=== Section Start ===

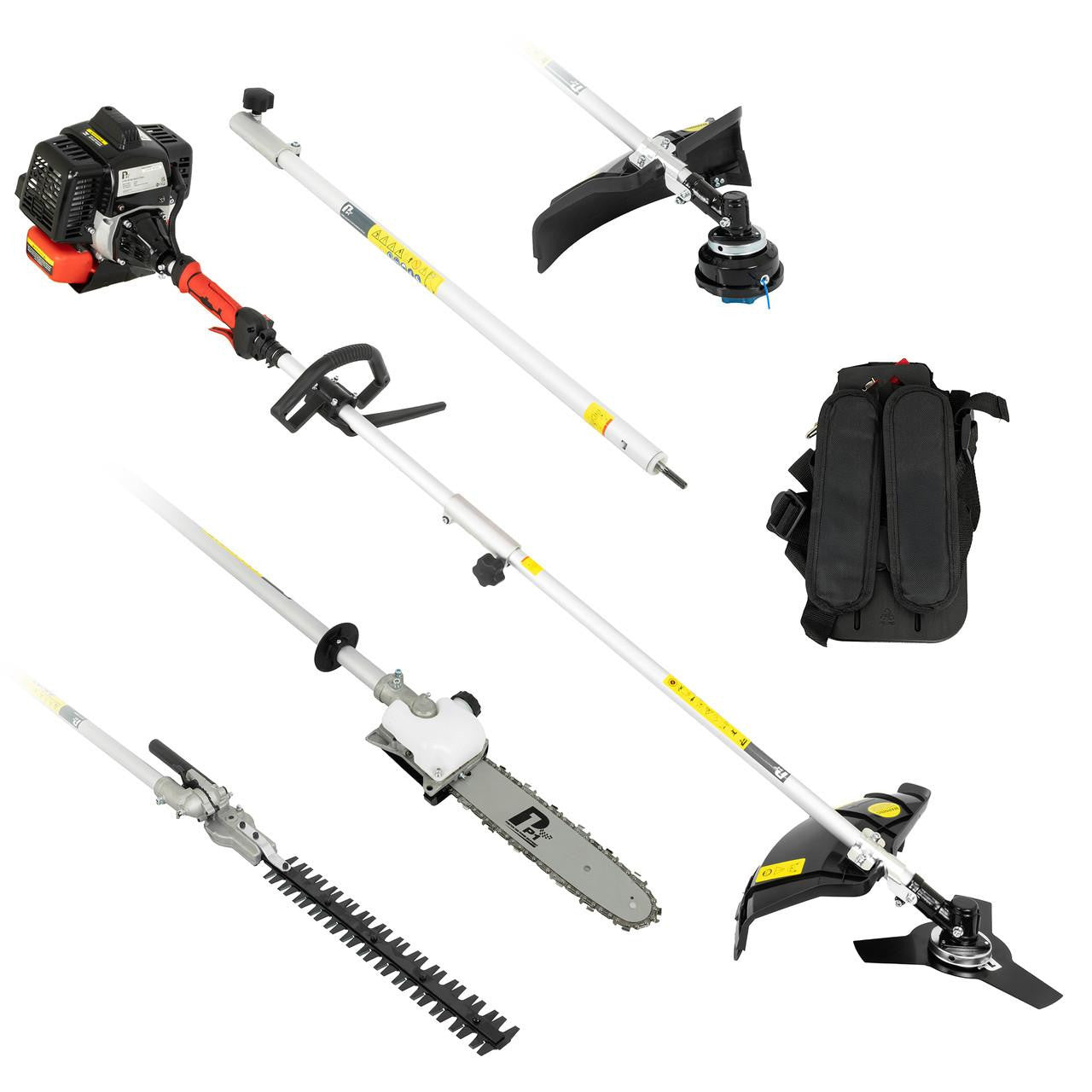 P1 56 cc 5-in-1 Petrol Garden Multi-Tool | P1-MT560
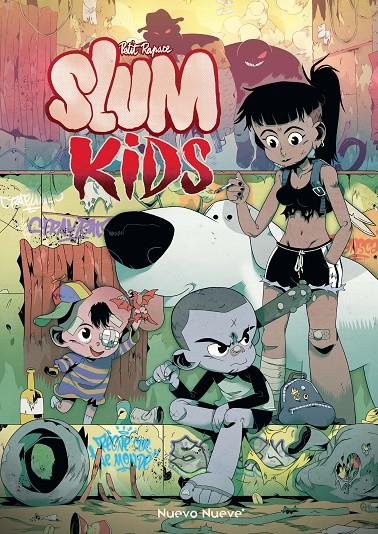 Slum Kids | 9788410287099 | Esteban Plaza, Little Rapace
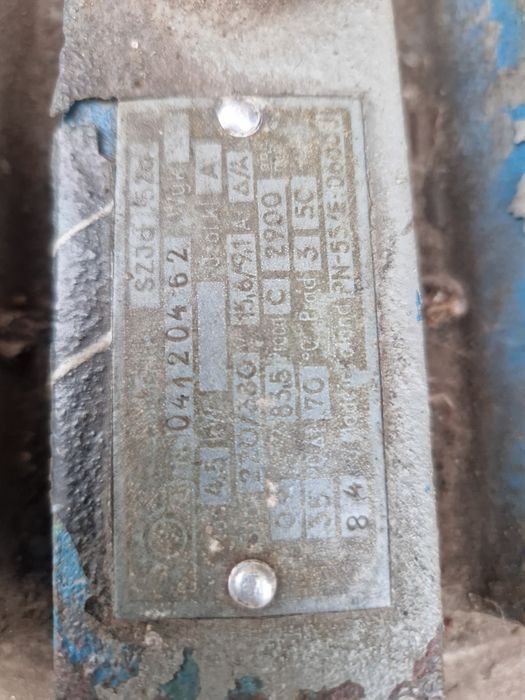 Silniki  elektrycznye trojfazowe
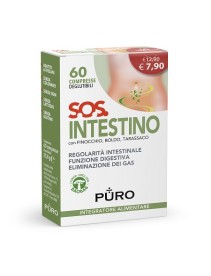PURO SOS Intestino 60Cpr Degl.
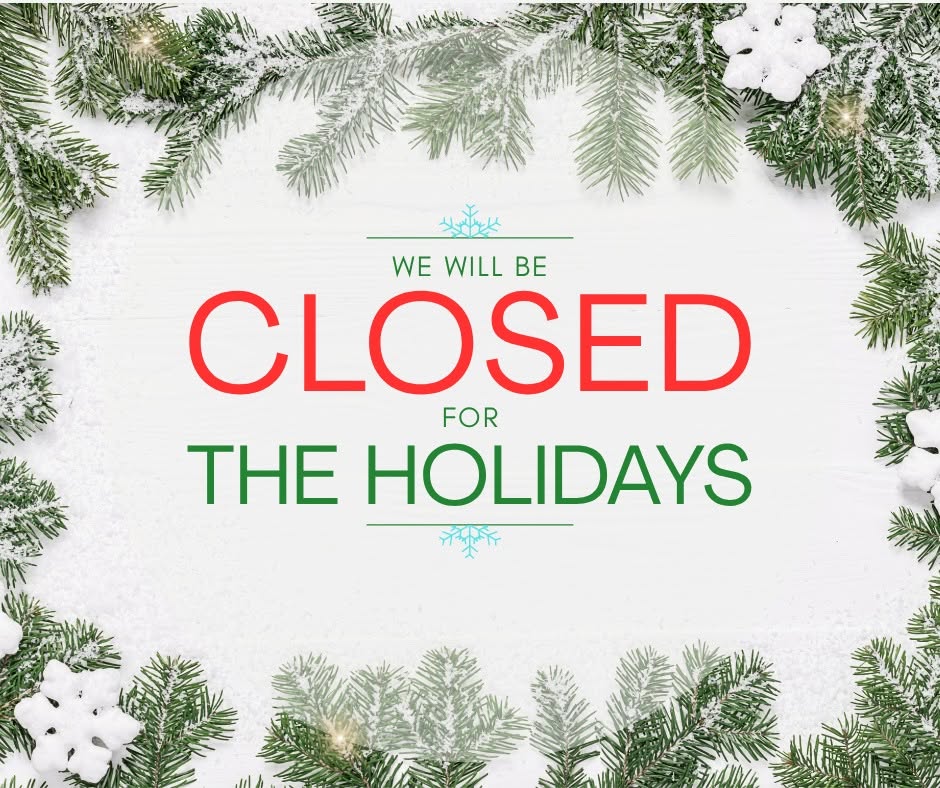 OTOWN CLOSED FOR CHRISTMAS EVE — THU 24 DEC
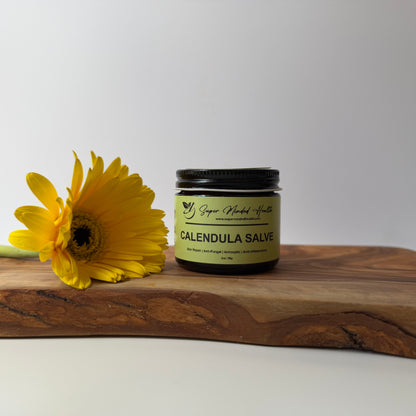 Calendula Salve | Organic Skin Repair | Anti-fungal | Antiseptic | Anti-Inflammatrory | | All Natural Herbal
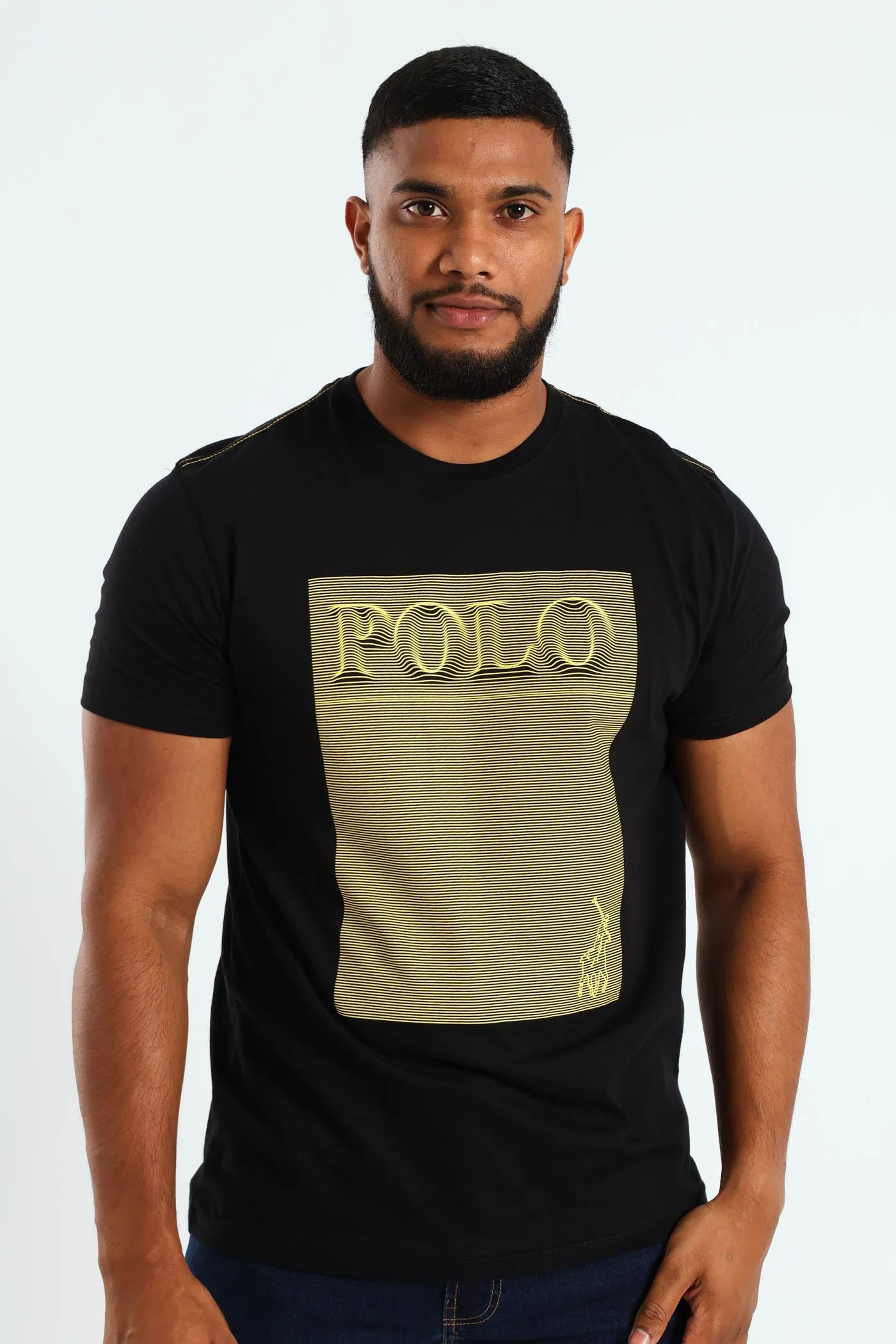 Hyde Graphic Logo Tee - Black sold by Edgars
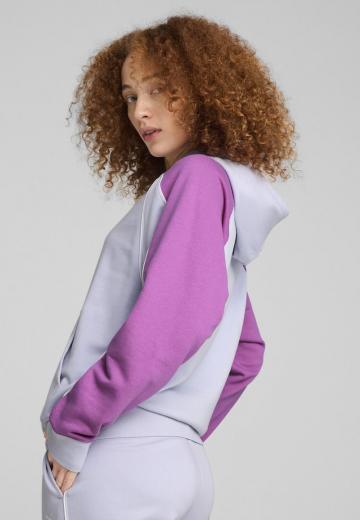 Пуловер с капюшоном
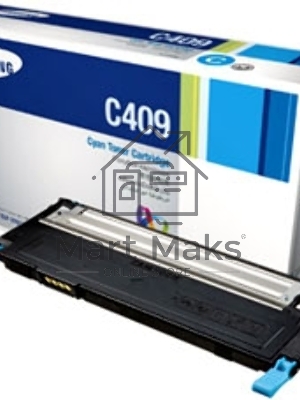 Картридж лазерный Samsung CLT-C409S/ SU007A голубой для Samsung CLP-310/315/CLX-3170FN (1000стр.)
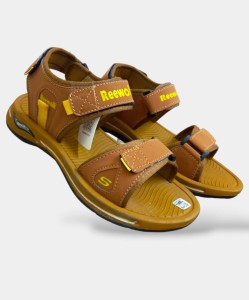 Kito Men Premium Mustard Sports Sandals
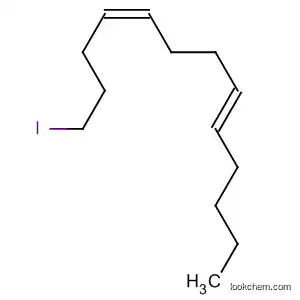 Molecular Structure of 56879-23-3 (4,8-Tridecadiene, 1-iodo-, (Z,E)-)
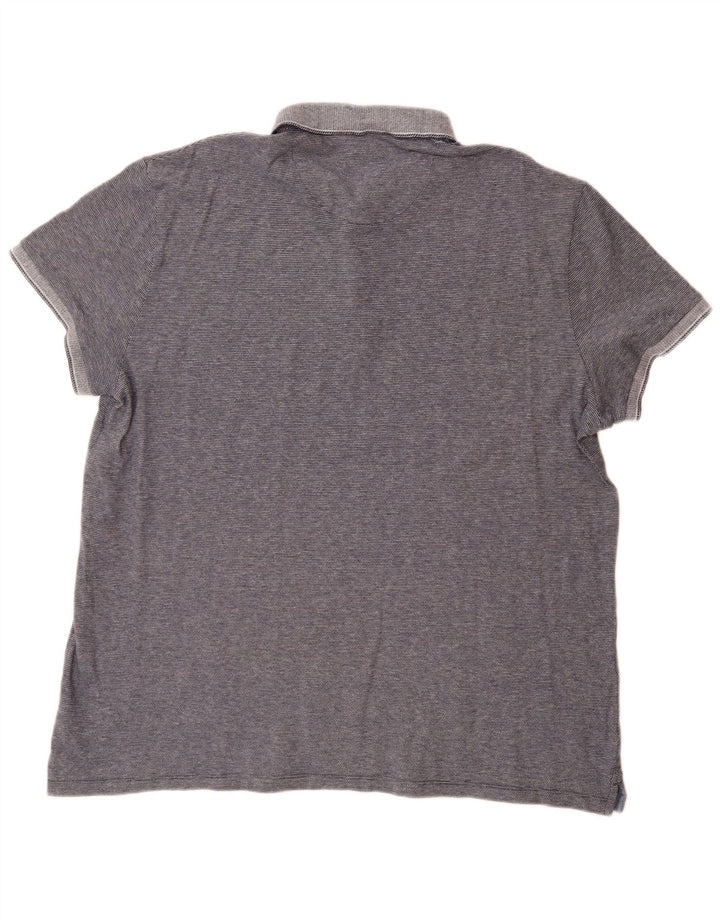 Męska koszulka polo Wrangler 3XL, granatowa, bawełniana
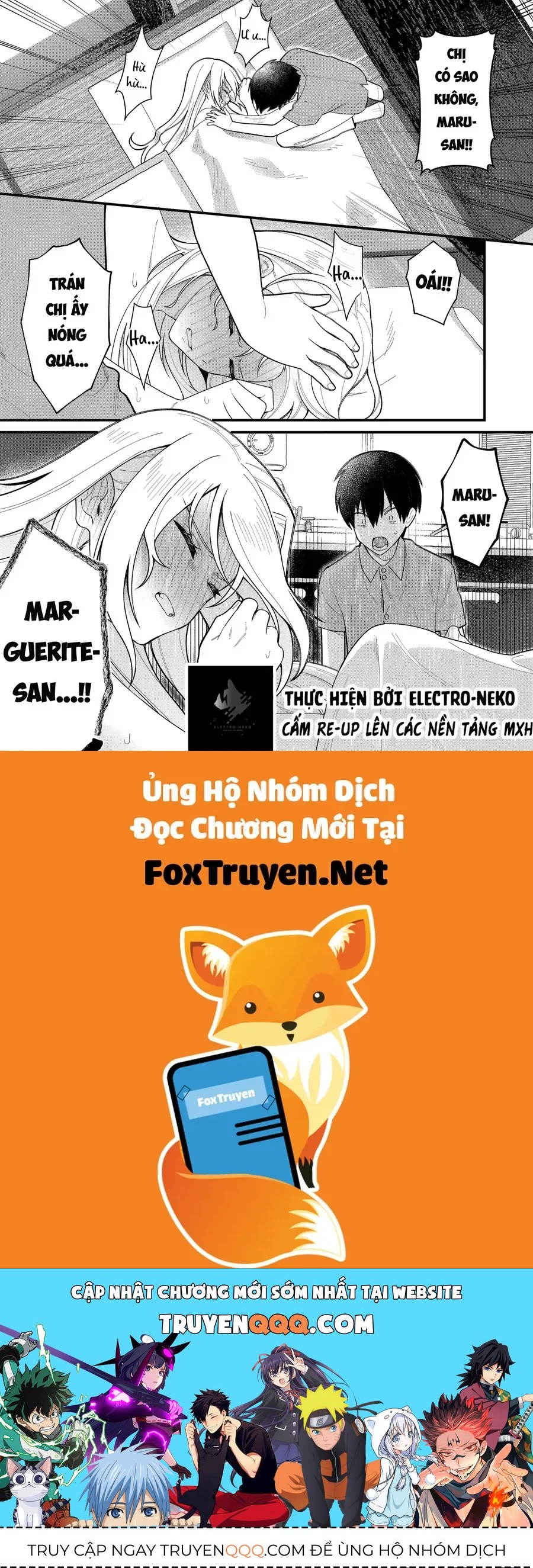 Khi Tôi Về Đến Nhà, Nàng Hiệp Sĩ Đã Luôn Ở Đó! Chap 15 - Next Chap 14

=== Section End ===

→ Description of the task: In the records above, everything from the line with "Hyde Graphic Logo Tee - Black sold by Edgars" down to the line with "Molecular Structure of" is to be set down exactly, both ends included, with no pictures and no other lines.

→ Solved exercise:
 Hyde Graphic Logo Tee - Black sold by Edgars
 Пуловер с капюшоном
 Картридж лазерный Samsung CLT-C409S/ SU007A голубой для Samsung CLP-310/315/CLX-3170FN (1000стр.)
 Kito Men Premium Mustard Sports Sandals
 Molecular Structure of 56879-23-3 (4,8-Tridecadiene, 1-iodo-, (Z,E)-)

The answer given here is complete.